The Pentagon is starting to touch the third rail of budgetary spending: military compensation, retirement and benefits spending. As Chuck Hagel completes his “listening tour” of troops and their families, a quiet effort has begun to review military retirement and compensation that will grow louder as its work begins to surface. Hagel is finishing up his domestic road trip today, visiting airmen at Charleston Air Force Base, S.C., and then Marines at Camp Lejeune, N.C. Hagel, we’re told, wants to hear from troops and families about the challenges they face during a period of shrinking budgets. He’s listening but he’s also starting slowly to float the idea that compensation benefits and even retirement plans may have to be pared back in order to make the Pentagon’s ledgers add up. Personnel costs alone cost the services between 55 and 65 percent of their budgets and rising – a fact the Pentagon brass say they’ve been saddled with for years. But now as budgets tighten, it’s a fact that can’t be ignored.

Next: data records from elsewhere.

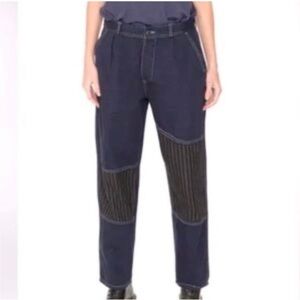 Free People x Sandrine Rose French Worker Pinstripe Patch Pant Size 28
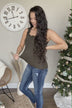 Sweet & Simple Lace Trimmed Tank Top- Dark Olive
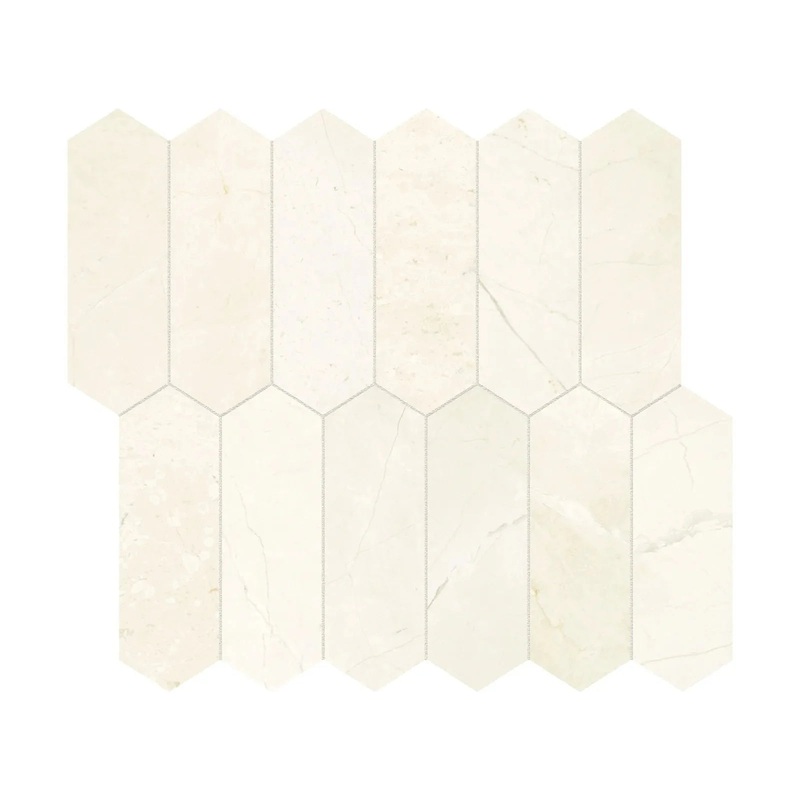 2″ x 6″ Avorio Crema Picket Honed Marble Mosaic 1 Sheet = .87 Sqft 2″ x 6″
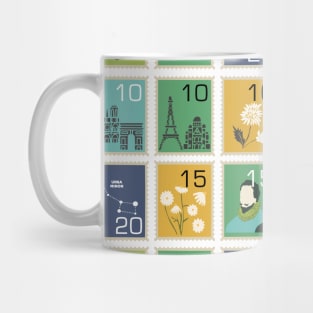 Cute Postage Stamps Pattern Mug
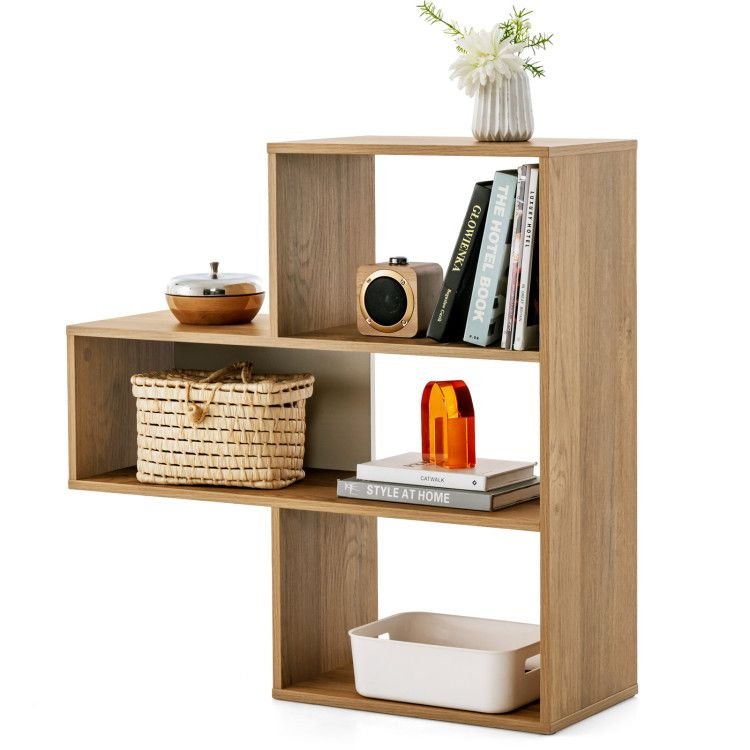 Convex Bookshelf 3 - Shelf Open Bookcase Room Organizer with Anti - Toppling Device - 7DAY'S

Airmen, marines, sailors, and soldiers who served their time and were discharged with a clean DD214 are going to see their retirement benefits slashed. The 55% – 65% of budget being personnel was an eye opener for me – if I pay attention to domestic matters it’s almost always system costs, system life cycle, and changing military doctrine. This looks like a brewing battle between our veterans and defense contractors who are desperately trying to keep their nose in the Pentagon’s feeding trough as the normal 25% post war budget cuts begin.